Farree quickened his pace as best he could, his arm up and ahead of him to feel out anything which might catch on his wings. But he did not touch any of the tubers which had hung from the roof in that other way.
Twice the passage took an abrupt turn, and on the second one he caught up with the rest of the party, hardly more than shadows in the very weak light which came from a crooked stick carried by the one who had overseen all this rescue. His head, in that dim light, looked nearly too large for his body, and his forearms and legs, which were incompletely covered by dull grey-brown, skintight clothing, were nearer stick thin. The rest of his body was haired with coarse black and thick clumps of bristles. His nose was nearly a snout, for his mouth was very large and he had no visible chin. In some ways he looked rather like the animal-masked one Farree had seen in his dream. His ears were pointed and placed well up a naked skull, the ends of them curved over a little. Farree, who had seen many strange wayfarers during his days in the Limits and a-travel thereafter, thought that his ugliness well passed the common.
Having once made the escapees free of this secret way he paid no more attention to them, but stamped ahead flatfootedly, leaving them to follow or not as they would.
The girl was behind Yazz, and she kept hold on Yazz's waving tail as if she needed touch with some creature less disagreeable than their guide. There was no room here to push up closer, so Farree continued to bring up the rear. They passed walls now where the soil rained down and there were streaks of moisture showing. The earth dweller hastened by those spots and they had to hurry, Farree very uneasy at those signs of possible disintegration.
One more turn and their path was much brighter.

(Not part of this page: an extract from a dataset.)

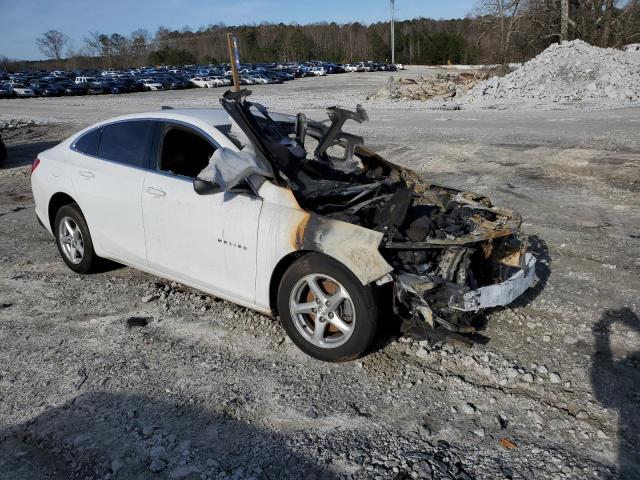 Photo 4 from auction – 2018 CHEVROLET MALIBU LS with VIN 1G1ZB5ST4JF116153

Unconsciously they all speeded up once more toward that and so they came out into a place so different from the cramped ways down which they had come that Farree stopped short, once he was through a break in the wall, just to stare about him.
Chapter Sixteen
The light was as brilliant as the full day's shine but not steady. As the lasers had flashed in the air earlier, here also shot shafts of rainbow glitter. He might have been back in that crystal castle of his first dreaming.
Only here the crystals were untamed. They had not been quarried or shaped by any will save their own. Great, sharp-pointed spikes stood taller than Farree, sprouting from the rock as if they had grown like trees. Some were as clear as mountain water save that they cut the light into rainbows. Others were footed in color—amethyst, clear yellow, smoke-silver. In the midst of this vast cave or hall there were many of grey but these were murky, not silver, resembling the ball, the Globe of Ummar, which had splintered.
These alone showed that they had been worked upon for a purpose. They were packed together, flat sides uppermost, a wall of high points at the back of a level stretch on which someone was seated.
The earth dweller who had led them here forged ahead, but those he had guided remained just within the entrance of this place of colored light, dazzled by its brilliance. Their guide shambled on, to stand at the foot of the piled crystals which had been fitted to serve as a seat—or a throne—
He bowed low and then looked up into a face—
Not a face, Farree thought, the chill once more upon him, but rather a countenance close to a skull, even if there was yellowish skin laid across the thrusting bone. The eye holes were not empty; there were tightly drawn lids across their sharp edges. And the skin on the two hands resting on flanking crystals was deeply wrinkled, showing long nails, curved beyond the ends of the fingers as might claws, all emblazoned by a bright scarlet which the play of the crystal light could not disguise.